3
votes

Say I have a .txt file like this:

11111111111111Hello and welcome to stackoverflow. stackoverflow will hopefully provide me with answers to answers i do not know. Hello and goodbye.11111111111111

Then I would have an equivalent in binary form (.bin file) created as such:

Stream.Write(intBytes, 0, intBytes.Length); // 11111111111111
Stream.Write(junkText, 0, junkText.Length); // Hello and welcome to stackoverflow...
Stream.Write(intBytes, 0, intBytes.Length); // 11111111111111

The first example compresses better than the second. If i removed the 11111111111111 they compress to the same size. But having the 11111's means the .txt version compresses better.

byte[] intBytes = BitConverter.GetBytes(11111111111111); // This is 8 bytes
byte[] strBytes = UTF8Encoding.UTF8.GetBytes("11111111111111"); // This is 14 bytes

This is using the native C++ Zlib library.

Before compression the .bin file is lesser in size and I was expecting this.

Why is it that after compression the .txt version is lesser in size? It seems it compresses that better than the bin equivalent.

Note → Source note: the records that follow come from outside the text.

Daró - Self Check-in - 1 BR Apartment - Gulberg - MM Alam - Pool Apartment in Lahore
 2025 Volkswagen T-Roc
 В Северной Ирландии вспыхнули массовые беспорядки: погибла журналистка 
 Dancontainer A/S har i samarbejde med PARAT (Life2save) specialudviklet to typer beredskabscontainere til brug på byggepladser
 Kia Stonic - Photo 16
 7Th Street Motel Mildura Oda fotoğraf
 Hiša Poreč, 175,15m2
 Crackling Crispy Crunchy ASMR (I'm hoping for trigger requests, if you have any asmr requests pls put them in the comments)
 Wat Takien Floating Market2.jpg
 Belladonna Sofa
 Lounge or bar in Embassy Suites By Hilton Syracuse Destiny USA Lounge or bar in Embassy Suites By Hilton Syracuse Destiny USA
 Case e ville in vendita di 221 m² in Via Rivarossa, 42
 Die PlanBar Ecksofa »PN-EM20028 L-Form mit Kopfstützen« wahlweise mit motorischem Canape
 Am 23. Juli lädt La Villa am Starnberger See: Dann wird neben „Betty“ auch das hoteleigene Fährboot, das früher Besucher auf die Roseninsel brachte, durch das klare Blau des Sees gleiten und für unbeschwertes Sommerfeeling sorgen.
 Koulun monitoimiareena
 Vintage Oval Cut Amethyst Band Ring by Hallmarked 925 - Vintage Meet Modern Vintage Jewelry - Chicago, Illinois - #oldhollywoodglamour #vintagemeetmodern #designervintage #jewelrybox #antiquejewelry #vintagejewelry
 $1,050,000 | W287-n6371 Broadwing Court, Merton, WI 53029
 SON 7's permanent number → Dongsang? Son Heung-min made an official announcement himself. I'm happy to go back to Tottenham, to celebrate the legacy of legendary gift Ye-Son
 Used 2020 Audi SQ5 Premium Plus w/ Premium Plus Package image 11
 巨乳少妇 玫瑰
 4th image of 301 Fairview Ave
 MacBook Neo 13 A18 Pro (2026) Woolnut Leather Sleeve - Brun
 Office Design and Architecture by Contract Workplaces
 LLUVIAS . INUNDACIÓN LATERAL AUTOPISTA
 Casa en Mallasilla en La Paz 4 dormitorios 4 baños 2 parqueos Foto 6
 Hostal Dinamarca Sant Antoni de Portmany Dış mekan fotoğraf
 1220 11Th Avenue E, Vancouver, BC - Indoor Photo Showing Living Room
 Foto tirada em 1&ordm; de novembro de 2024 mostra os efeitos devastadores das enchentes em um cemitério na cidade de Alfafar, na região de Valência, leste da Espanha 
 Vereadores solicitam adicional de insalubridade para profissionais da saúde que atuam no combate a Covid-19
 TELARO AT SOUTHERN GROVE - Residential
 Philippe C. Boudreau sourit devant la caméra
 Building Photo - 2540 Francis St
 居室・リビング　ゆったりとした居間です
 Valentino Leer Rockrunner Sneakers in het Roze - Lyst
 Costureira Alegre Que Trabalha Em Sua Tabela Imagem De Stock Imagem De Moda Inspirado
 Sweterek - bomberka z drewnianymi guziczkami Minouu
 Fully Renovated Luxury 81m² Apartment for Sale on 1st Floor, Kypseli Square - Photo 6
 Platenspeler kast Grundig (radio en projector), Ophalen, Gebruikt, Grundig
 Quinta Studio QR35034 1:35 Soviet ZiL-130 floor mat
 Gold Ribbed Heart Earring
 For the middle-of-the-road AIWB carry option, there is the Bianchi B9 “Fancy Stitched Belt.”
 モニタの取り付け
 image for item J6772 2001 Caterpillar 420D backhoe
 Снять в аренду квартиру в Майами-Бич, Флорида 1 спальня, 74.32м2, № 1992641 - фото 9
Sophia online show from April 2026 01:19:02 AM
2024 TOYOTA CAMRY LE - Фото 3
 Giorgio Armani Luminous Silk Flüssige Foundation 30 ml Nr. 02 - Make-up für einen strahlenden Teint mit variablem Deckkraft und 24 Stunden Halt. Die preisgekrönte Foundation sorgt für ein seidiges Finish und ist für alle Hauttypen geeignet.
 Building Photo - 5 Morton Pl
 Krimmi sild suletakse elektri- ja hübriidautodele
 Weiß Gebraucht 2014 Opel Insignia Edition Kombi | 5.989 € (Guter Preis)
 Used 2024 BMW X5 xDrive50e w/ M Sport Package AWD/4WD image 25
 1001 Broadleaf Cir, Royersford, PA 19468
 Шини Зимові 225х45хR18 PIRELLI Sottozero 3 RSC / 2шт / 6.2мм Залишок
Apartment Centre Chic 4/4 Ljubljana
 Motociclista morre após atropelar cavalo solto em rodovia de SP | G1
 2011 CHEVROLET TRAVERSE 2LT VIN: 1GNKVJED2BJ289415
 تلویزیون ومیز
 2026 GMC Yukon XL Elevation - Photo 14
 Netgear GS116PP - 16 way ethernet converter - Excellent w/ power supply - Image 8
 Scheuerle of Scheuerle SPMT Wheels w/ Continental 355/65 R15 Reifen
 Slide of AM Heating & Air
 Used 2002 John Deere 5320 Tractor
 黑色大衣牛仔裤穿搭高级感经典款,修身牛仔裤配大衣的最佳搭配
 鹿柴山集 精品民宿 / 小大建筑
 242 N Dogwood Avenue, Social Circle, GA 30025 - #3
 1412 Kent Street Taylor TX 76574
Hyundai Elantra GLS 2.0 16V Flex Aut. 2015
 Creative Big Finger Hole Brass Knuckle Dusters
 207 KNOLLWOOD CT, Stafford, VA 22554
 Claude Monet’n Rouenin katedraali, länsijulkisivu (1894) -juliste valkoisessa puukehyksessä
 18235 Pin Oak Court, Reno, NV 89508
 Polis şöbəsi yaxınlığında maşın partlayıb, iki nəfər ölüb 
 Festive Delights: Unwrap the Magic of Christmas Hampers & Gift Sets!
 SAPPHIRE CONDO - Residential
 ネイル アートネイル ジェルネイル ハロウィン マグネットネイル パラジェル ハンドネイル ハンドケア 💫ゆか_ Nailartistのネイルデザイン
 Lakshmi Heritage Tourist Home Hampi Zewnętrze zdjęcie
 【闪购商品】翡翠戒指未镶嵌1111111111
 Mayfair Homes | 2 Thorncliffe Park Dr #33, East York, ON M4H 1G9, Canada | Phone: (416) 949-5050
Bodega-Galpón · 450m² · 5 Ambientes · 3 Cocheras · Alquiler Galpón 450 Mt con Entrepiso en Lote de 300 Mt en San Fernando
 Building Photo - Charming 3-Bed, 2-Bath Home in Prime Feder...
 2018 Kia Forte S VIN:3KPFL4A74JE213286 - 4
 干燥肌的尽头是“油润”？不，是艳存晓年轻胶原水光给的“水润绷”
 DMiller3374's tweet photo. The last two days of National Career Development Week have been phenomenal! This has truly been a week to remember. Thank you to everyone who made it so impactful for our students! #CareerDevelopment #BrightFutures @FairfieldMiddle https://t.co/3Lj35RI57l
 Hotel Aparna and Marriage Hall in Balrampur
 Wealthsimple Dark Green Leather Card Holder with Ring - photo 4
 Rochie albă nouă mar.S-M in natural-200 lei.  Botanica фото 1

bin file: Uncompressed Size:2448 Compressed Size:177

txt file: Uncompressed Size:2460 Compressed Size:167

1
How is the .txt file stored? UTF-8 or another format? If there is a difference in formats, that explains the difference in size. UTF-8 is a variable width encoding format that can explain the difference you are seeing.JugsteR
What does "compress better" mean? Absolute size or percent? Please post the numbers.usr
I was more interested that the txt file was larger than the bin before compression, but afterwards the txt was compressed better to a smaller file. The default encoding for txt files on windows 7 is utf-8 i think.Science_Fiction

1 Answers

2
votes

So a bigger file compresses to a smaller file. There are two explanations that I can offer:

  1. Compression works when the input has low entropy. Try to compress random data of 180 bytes and the compressed size will be even larger than the best of your test cases. Prepending binary ones means that the compressor has to deal with binary data and text at the same time. New byte values are introduced that do not occur at all in text. This increases entropy of the file.
  2. All compression have weak and strong spots (except for perfect "Kolmogorov"-compression). You might be seeing an anomaly caused by some implementation detail. The difference is not big after all.